→ **Data supplied**:
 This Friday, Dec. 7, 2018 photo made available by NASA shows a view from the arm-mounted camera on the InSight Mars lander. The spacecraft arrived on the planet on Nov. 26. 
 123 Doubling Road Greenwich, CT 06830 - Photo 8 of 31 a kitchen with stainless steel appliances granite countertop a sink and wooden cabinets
---
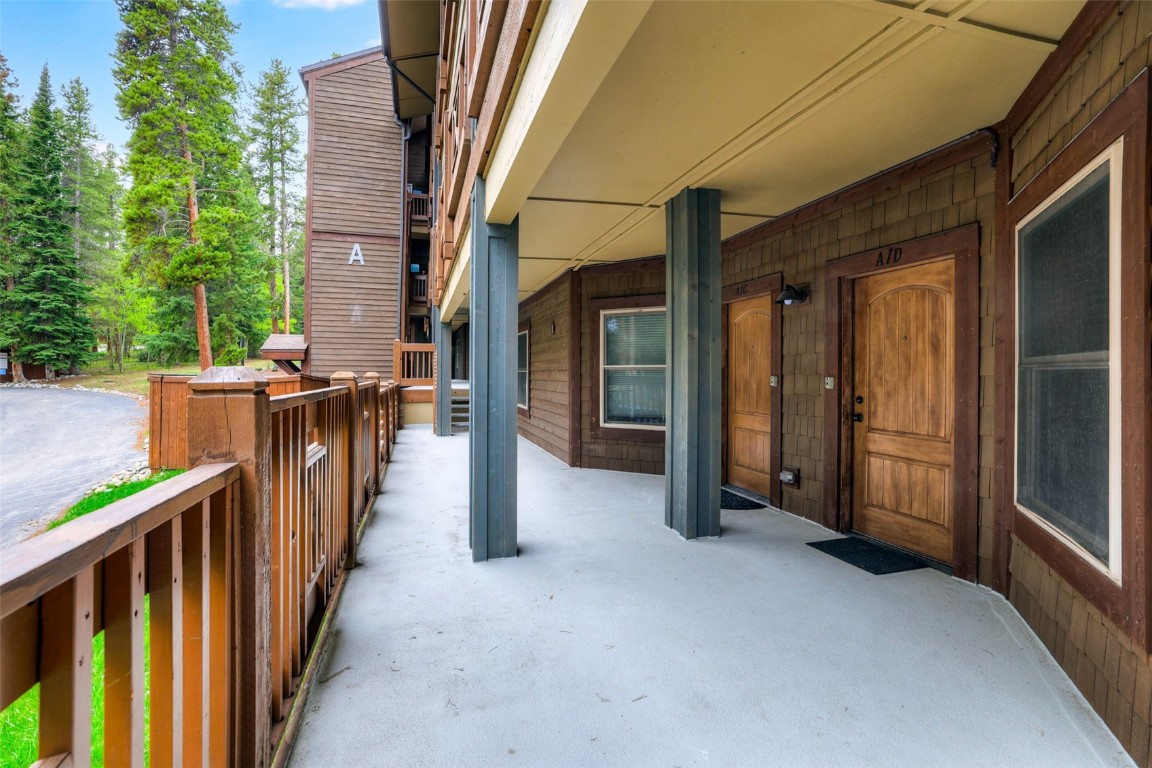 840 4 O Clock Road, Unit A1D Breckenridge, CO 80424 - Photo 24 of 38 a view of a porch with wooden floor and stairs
* * *
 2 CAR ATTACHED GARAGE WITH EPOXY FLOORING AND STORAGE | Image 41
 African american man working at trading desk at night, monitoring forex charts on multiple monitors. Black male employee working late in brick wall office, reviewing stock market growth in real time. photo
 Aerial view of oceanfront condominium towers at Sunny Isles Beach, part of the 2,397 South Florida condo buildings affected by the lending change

→ **Task item**:
Take the lines above from the one containing "African american man" down to the one containing "Aerial view of", and transcribe them exactly, both ends included.

→ **Task solution**:
 African american man working at trading desk at night, monitoring forex charts on multiple monitors. Black male employee working late in brick wall office, reviewing stock market growth in real time. photo
 Aerial view of oceanfront condominium towers at Sunny Isles Beach, part of the 2,397 South Florida condo buildings affected by the lending change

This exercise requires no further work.